EXERCISE DETAILS
Retype the material below exactly, from its first line through the line with "Adult black patient"; the pictures stay out.

RECORDED INFORMATION

========================================================================

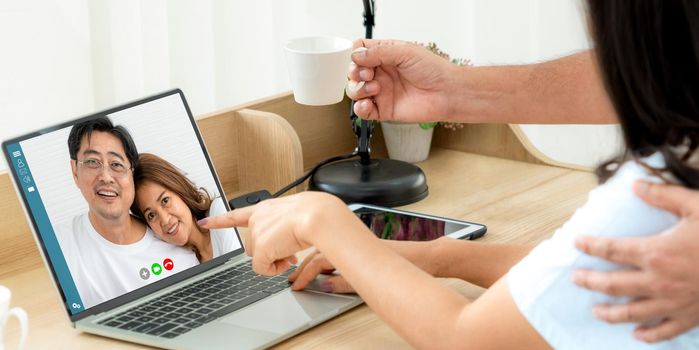 Family happy video call while stay safe at home during covid-19 coronavirus outbreak. Concept of people connection call technology with online video camera.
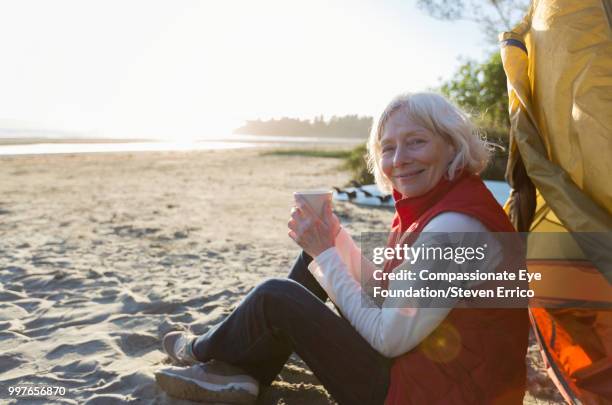 senior woman camping on beach with coffee - "compassionate eye" fotografías e imágenes de stock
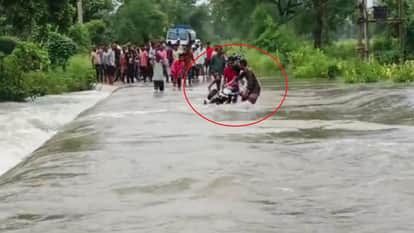 Young man narrowly escapes being swept away in a drain motorcycle washed away video viral on social media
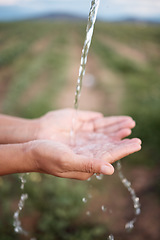 Image showing Hands, splash and washing or cleaning with water, hydration and freshness for sustainability outdoors on a farm. Person, ecology and aqua to prevent germs or bacteria for care, wellness and health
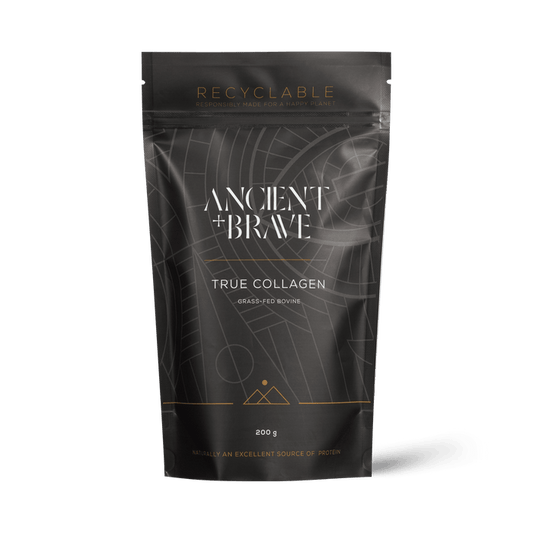 A premium black and gold pouch labeled “Ancient + Brave True Collagen” contains 200g of Type I hydrolysed bovine collagen peptides, sourced from grass-fed cattle. The packaging features geometric patterns, displays both protein content and recyclability, positioning True Collagen as a standout among supplements from Ancient + Brave.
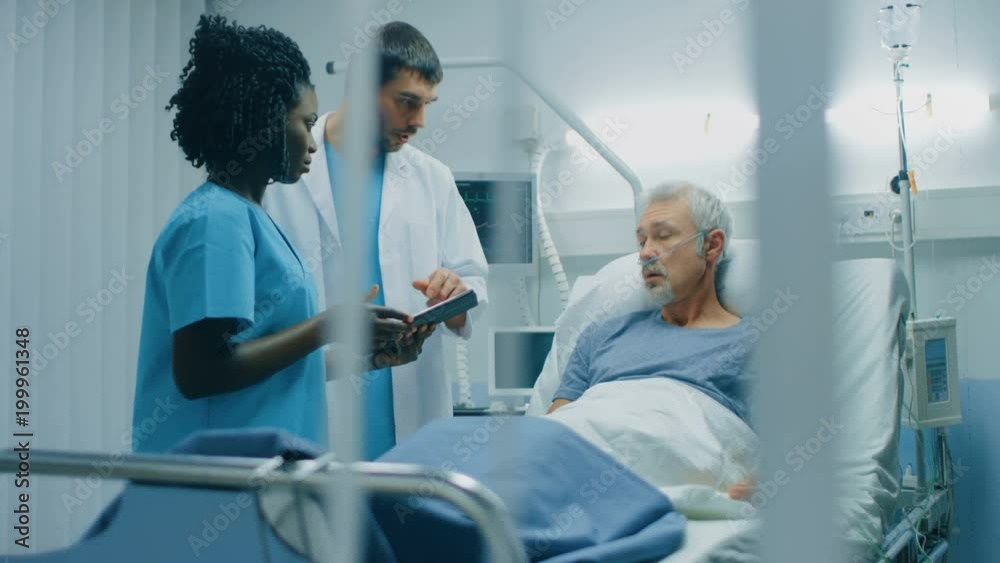 In the Hospital, Senior Man Lying in the Bed, Talks with Doctor and Nurse who Use Tablet Computer. Technology Helps Cure Patients, Modern Hospital Ward. Shot on RED EPIC-W 8K Helium Cinema Camera. In the Hospital, Senior Man Lying in the Bed, Talks with Doctor and Nurse who Use Tablet Computer. Technology Helps Cure Patients, Modern Hospital Ward. Shot on RED EPIC-W 8K Helium Cinema Camera.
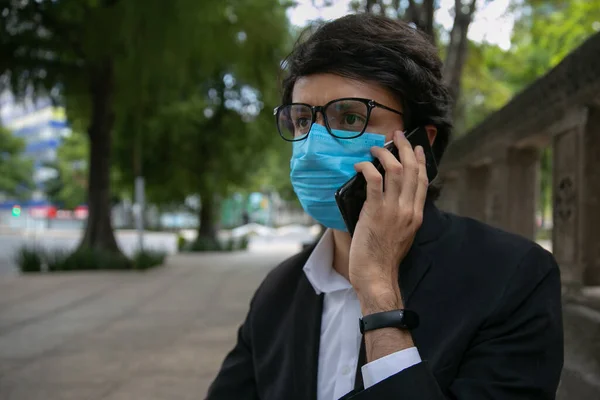 Sokakta cep telefonuyla konuşan adamların stok fotoğrafı. Virüsü önlemek için koruyucu bir maske takıyor. Coronavirus konsepti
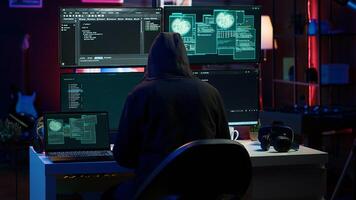 Hacker arriving in secret base with laptop, ready to start programming viruses. Scammer in criminal den opening notebook to exploit network servers and bypass security measures, camera A photo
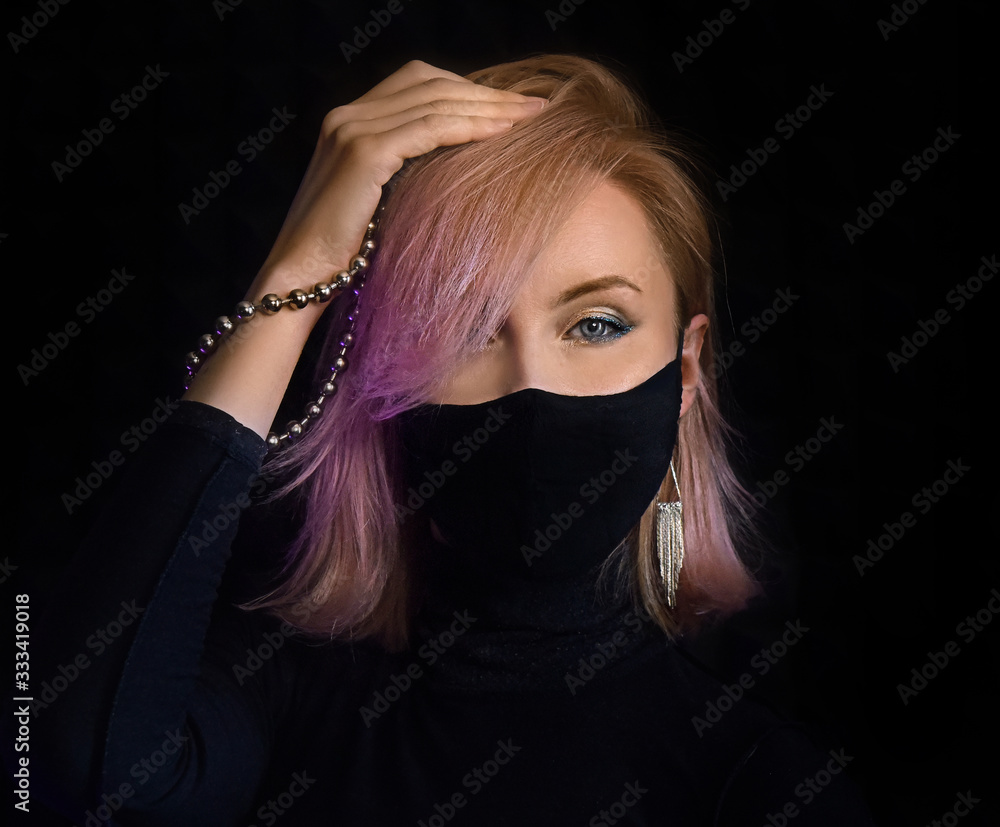 neon lights woman in surgical mask against coronavirus poses for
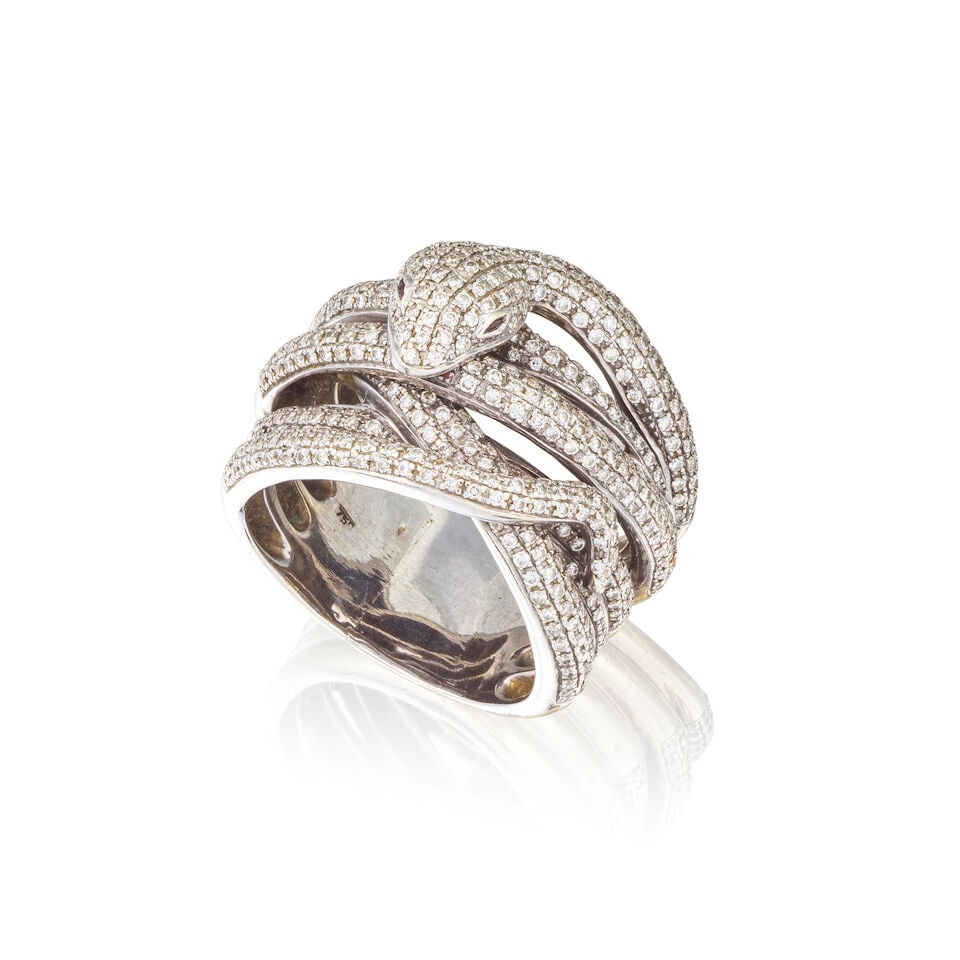 'SNAKE' DIAMOND RING BAGUE DIAMANTS 'SERPENT': 'SNAKE' DIAMOND RING BAGUE DIAMANTS 'SERPENT' • French assay mark for 18 carat white gold (750 ‰) • Designed as a snake, pavé-set with numerous brilliant-cut diamonds •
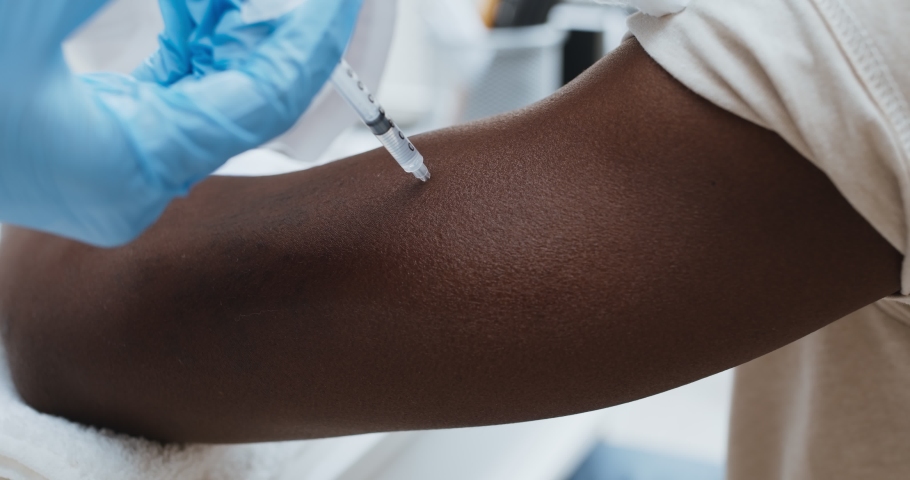 Adult black patient getting vaccine injection in hand at hospital, close up. Immunity stimulation to minimise risk of coronavirus infection. | Shutterstock HD Video #1062471805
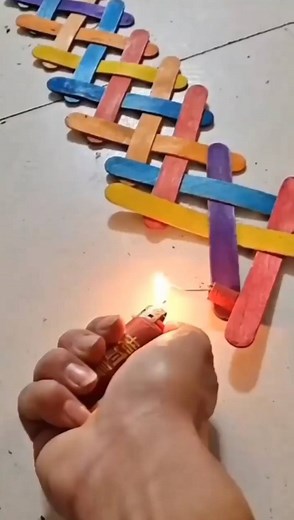 Viral engineering® (110|K🎯) on Instagram: "Popsicle Stick Chain Reaction 🍡 The key to the Popsicle Chain Reaction comes from potential and kinetic energy. As you weave the popsicle sticks together, you are continually building potential energy. Each popsicle stick is bent over the stick before it and pinned under the stick before that, creating tension in the wood. When you finally have the chain length that you want, you let go and all of the tension and potential energy is released in a chai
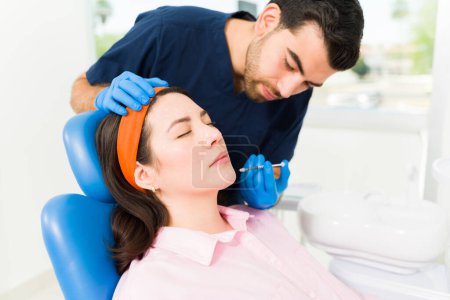 Foto de Médico varón haciendo un procedimiento de belleza en una mujer joven que recibe toxina botulínica o rellenos en el cuello o la cara - Imagen libre de derechos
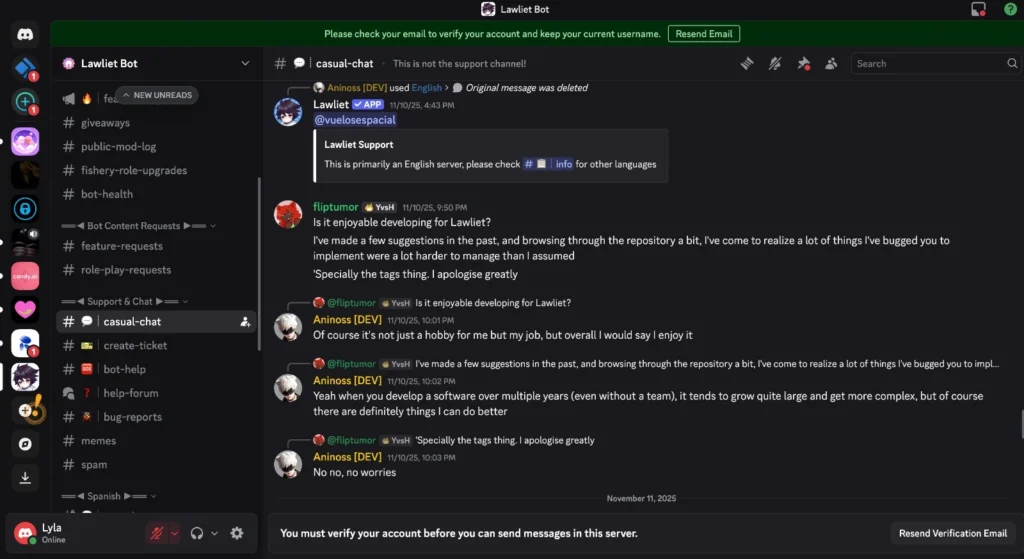 Screenshot of Discord in Lawliet Bot server, #casual-chat. Developer @flip.tumor (YvSH) says: "I’ve made a few suggestions in the past… I apologise greatly. Specially the tags thing." Aniross [DEV] responds: "Of course it’s not just a hobby for me but my job… it tends to grow quite large and get more complex." Sidebar includes bot-health, feature-requests, casual-chat. Top: "Please check your email to verify..."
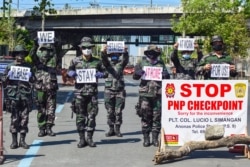 Police personnel hold up placards reminding people to stay at home amid concerns of the spread of the COVID-19 coronavirus in Manila on March 31, 2020.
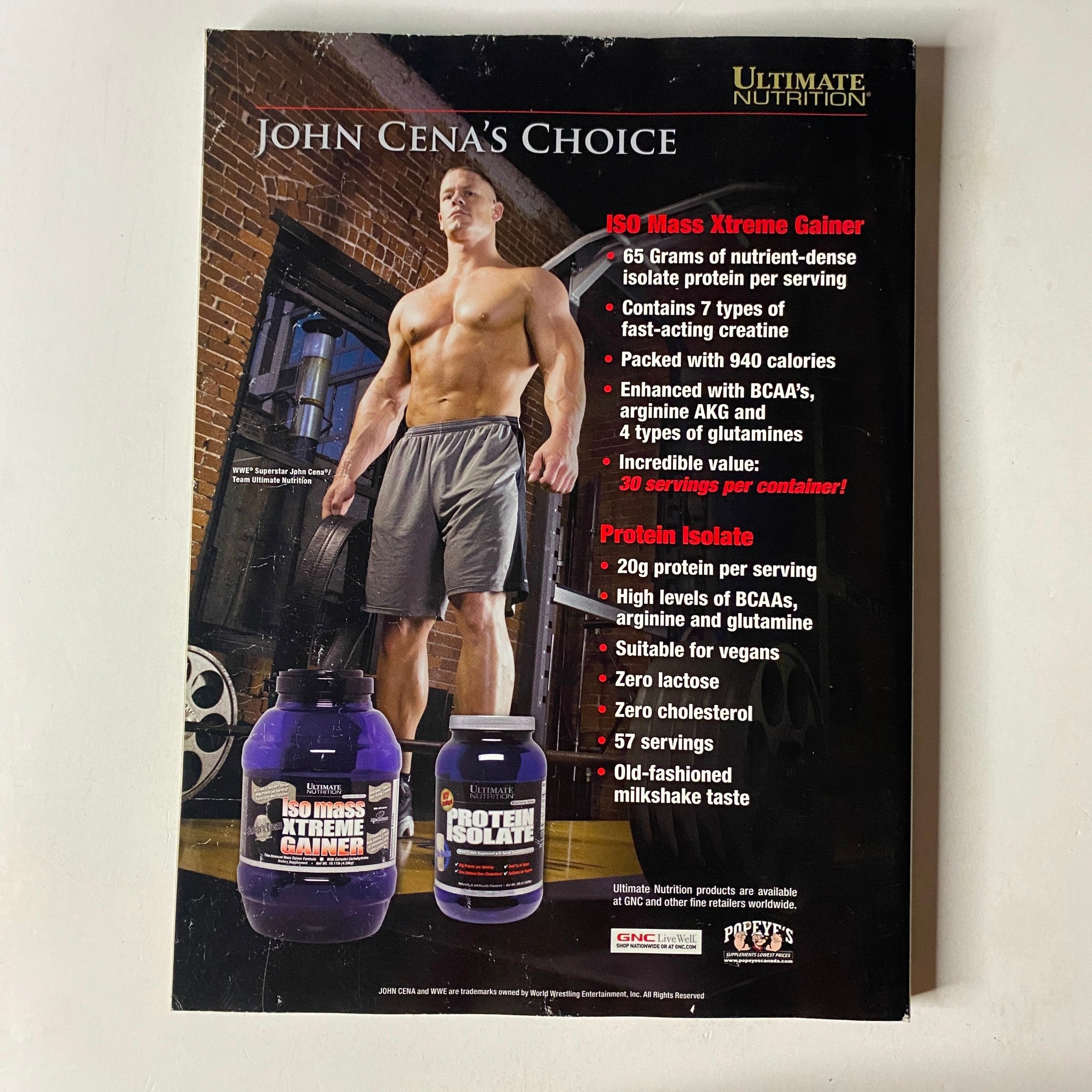 MuscleMag International Magazine April 2009, Issue No. 323 back cover showcasing 'John Cena's Choice' with product details for ISO-Mass Xtreme Gainer and Protein Isolate.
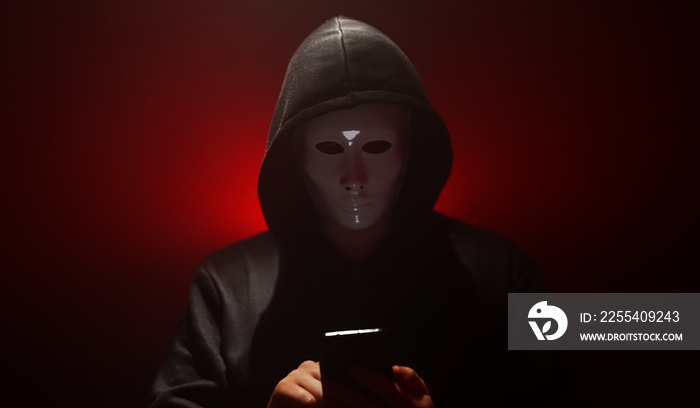 Man wearing mask with hoodie launches virus from smartphone.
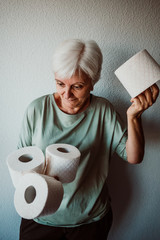 .Middle-aged woman hoarding a lot of toilet paper. Madness caused by the coronavirus health crisis.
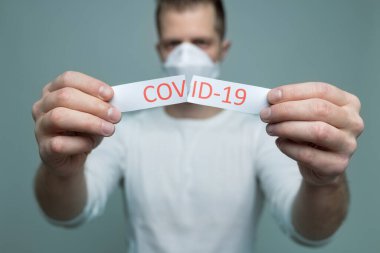 Coronavirus Covid-19 işareti taşıyan solunum maskesi takan endişeli bir adam.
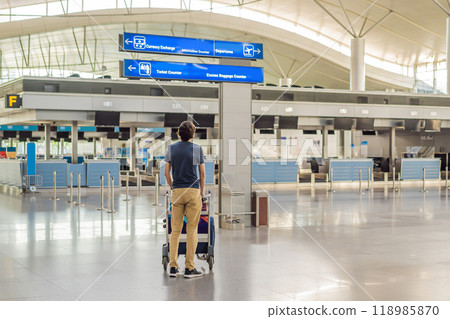 Man in mask at empty airport at check in in coronavirus quarantine isolation, returning home, flight cancellation, pandemic infection worldwide spread, travel restrictions and border shutdown Man in mask at empty airport at check in in coronavirus quarantine isolation, returning home, flight cancellation, pandemic infection worldwide spread, travel restrictions and border shutdown 118985870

========================================================================

EXERCISE SOLUTION
 Family happy video call while stay safe at home during covid-19 coronavirus outbreak. Concept of people connection call technology with online video camera.
 senior woman camping on beach with coffee - "compassionate eye" fotografías e imágenes de stock
 Young man narrowly escapes being swept away in a drain motorcycle washed away video viral on social media
 Image showing Hands, splash and washing or cleaning with water, hydration and freshness for sustainability outdoors on a farm. Person, ecology and aqua to prevent germs or bacteria for care, wellness and health
 A premium black and gold pouch labeled “Ancient + Brave True Collagen” contains 200g of Type I hydrolysed bovine collagen peptides, sourced from grass-fed cattle. The packaging features geometric patterns, displays both protein content and recyclability, positioning True Collagen as a standout among supplements from Ancient + Brave.
 In the Hospital, Senior Man Lying in the Bed, Talks with Doctor and Nurse who Use Tablet Computer. Technology Helps Cure Patients, Modern Hospital Ward. Shot on RED EPIC-W 8K Helium Cinema Camera. In the Hospital, Senior Man Lying in the Bed, Talks with Doctor and Nurse who Use Tablet Computer. Technology Helps Cure Patients, Modern Hospital Ward. Shot on RED EPIC-W 8K Helium Cinema Camera.
 Sokakta cep telefonuyla konuşan adamların stok fotoğrafı. Virüsü önlemek için koruyucu bir maske takıyor. Coronavirus konsepti
 Hacker arriving in secret base with laptop, ready to start programming viruses. Scammer in criminal den opening notebook to exploit network servers and bypass security measures, camera A photo
 neon lights woman in surgical mask against coronavirus poses for
 'SNAKE' DIAMOND RING BAGUE DIAMANTS 'SERPENT': 'SNAKE' DIAMOND RING BAGUE DIAMANTS 'SERPENT' • French assay mark for 18 carat white gold (750 ‰) • Designed as a snake, pavé-set with numerous brilliant-cut diamonds •
 Adult black patient getting vaccine injection in hand at hospital, close up. Immunity stimulation to minimise risk of coronavirus infection. | Shutterstock HD Video #1062471805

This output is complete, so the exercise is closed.